The task: Below are some records; output exactly the lines from the line with "2024 New Age Manta Ray 15ft Escape" to the line with "Кулак поворотный задний левый", both ends kept, and nothing more.

═══ Data listing

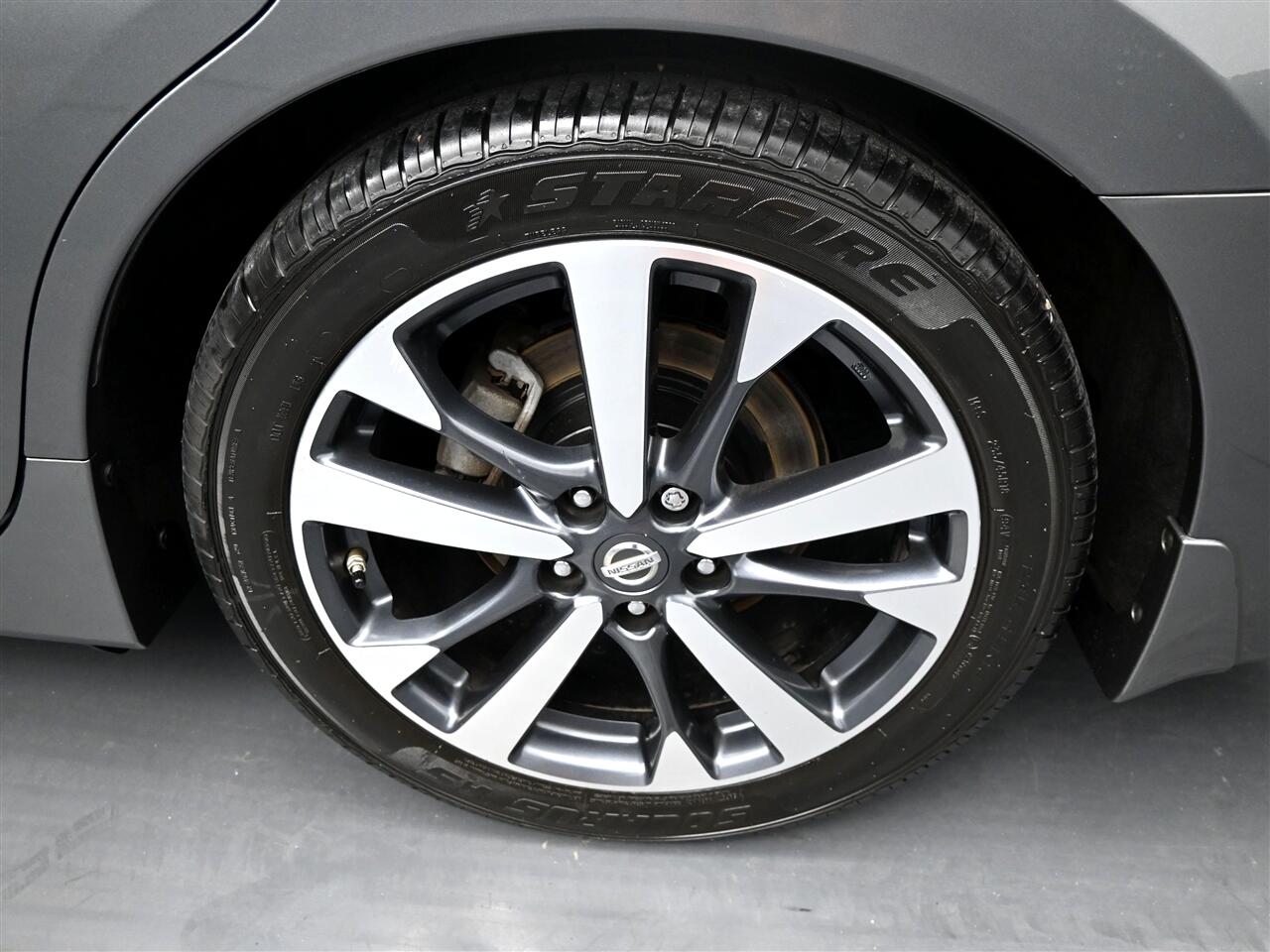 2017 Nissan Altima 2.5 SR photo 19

══════
═══ Data listing

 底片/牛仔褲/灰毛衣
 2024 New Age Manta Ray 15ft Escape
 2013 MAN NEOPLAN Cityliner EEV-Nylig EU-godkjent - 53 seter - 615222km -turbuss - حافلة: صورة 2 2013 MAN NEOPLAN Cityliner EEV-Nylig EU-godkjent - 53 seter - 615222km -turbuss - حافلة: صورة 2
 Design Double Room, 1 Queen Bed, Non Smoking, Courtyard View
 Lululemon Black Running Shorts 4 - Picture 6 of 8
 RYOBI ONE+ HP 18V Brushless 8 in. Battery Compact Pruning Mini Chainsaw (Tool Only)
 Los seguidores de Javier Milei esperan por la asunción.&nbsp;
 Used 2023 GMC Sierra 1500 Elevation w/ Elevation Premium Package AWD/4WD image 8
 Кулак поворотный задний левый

══════

Expected answer:
 2024 New Age Manta Ray 15ft Escape
 2013 MAN NEOPLAN Cityliner EEV-Nylig EU-godkjent - 53 seter - 615222km -turbuss - حافلة: صورة 2 2013 MAN NEOPLAN Cityliner EEV-Nylig EU-godkjent - 53 seter - 615222km -turbuss - حافلة: صورة 2
 Design Double Room, 1 Queen Bed, Non Smoking, Courtyard View
 Lululemon Black Running Shorts 4 - Picture 6 of 8
 RYOBI ONE+ HP 18V Brushless 8 in. Battery Compact Pruning Mini Chainsaw (Tool Only)
 Los seguidores de Javier Milei esperan por la asunción.&nbsp;
 Used 2023 GMC Sierra 1500 Elevation w/ Elevation Premium Package AWD/4WD image 8
 Кулак поворотный задний левый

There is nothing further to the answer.